Also, is this a trick question about binaries that weren't patched for y2k or something?


The most stable API/ABI for the Linux desktop is provided by Wine.


Thankfully the year of the desktop is around the corner, by combining WSL with the original Win32.

Day zero feature availability, without compatibility issues.


This is impressive, but other parts of Windows are so dreary. Installs of apps that throw up all over the disk, Windows Updates that mysteriously fail in unrecoverable ways 87% of the way through and cryptic error codes and procedures to dig yourself out of the jam (before you must reinstall).


> Installs of apps that throw up all over the disk

This seems like a norm for most operating systems. Linux mixes files from all sorts of apps all over the place, for example, and a `make install` might put files anywhere.


> Windows has gone to extreme lengths to not only maintain API compatibility, but ABI compatibility as well.

Linux has a stable ABI as well.
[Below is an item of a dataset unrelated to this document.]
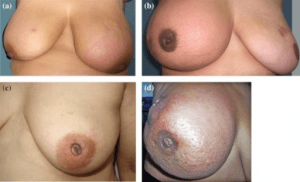 Inflammatorisches Mammakarzinom Inflammatorisches Mammakarzinom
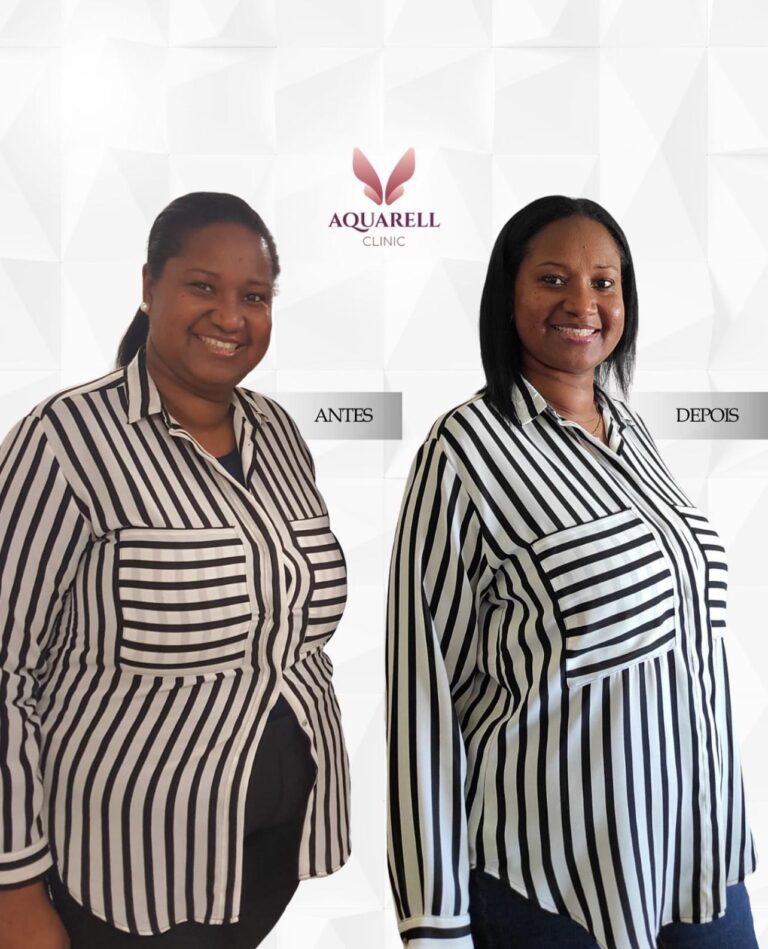 Weight Loss -2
For a given architecture, like x86_64, syscall numbers and their arguments and their arguments/outputs are expected to be stable.

The stable API/ABI promise of Linux is the syscalls, because at the end of the day that is the interface between userspace applications and the kernel, and kernel devs take not breaking userspace very seriously.

And on Windows, the opposite is true. The stable interface is the Windows DLLs that you are supposed to use dynamically. If you hardcoded the syscalls, you cannot complain if your application breaks because windows only promises that the DLL will not break backwards compatibility, and they reserve the right to change the syscalls with any update.

So you can have a Linux binary that works across many Linux versions without breaking. You can also have a Windows binary that works on one version of Windows but not the next.


I have unfortunately run into exceptions. I tried to play Neverhood on my Windows install, and it wouldn't start up. Tried the various compatibility modes. No luck. I ended up running it under Wine in Win95 mode (or similar; I don't remember the exact version) on my Fedora desktop and it ran fine.

I haven't tried running too many old programs, though, so I have no sense for how common this might be.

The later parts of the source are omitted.